■ Problem ■
From the entries below, copy exactly the lines from the one that contains "Para żarówek rurkowych" through the one that contains "Lanceur de fusées", both included, and only those.

■ Records for processing ■
::::
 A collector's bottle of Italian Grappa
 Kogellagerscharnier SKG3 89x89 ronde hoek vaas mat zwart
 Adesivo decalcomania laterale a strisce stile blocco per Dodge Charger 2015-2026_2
::::
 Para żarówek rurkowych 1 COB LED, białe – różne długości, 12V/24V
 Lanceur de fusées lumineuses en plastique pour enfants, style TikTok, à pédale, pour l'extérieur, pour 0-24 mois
::::
■ Output ■
 Para żarówek rurkowych 1 COB LED, białe – różne długości, 12V/24V
 Lanceur de fusées lumineuses en plastique pour enfants, style TikTok, à pédale, pour l'extérieur, pour 0-24 mois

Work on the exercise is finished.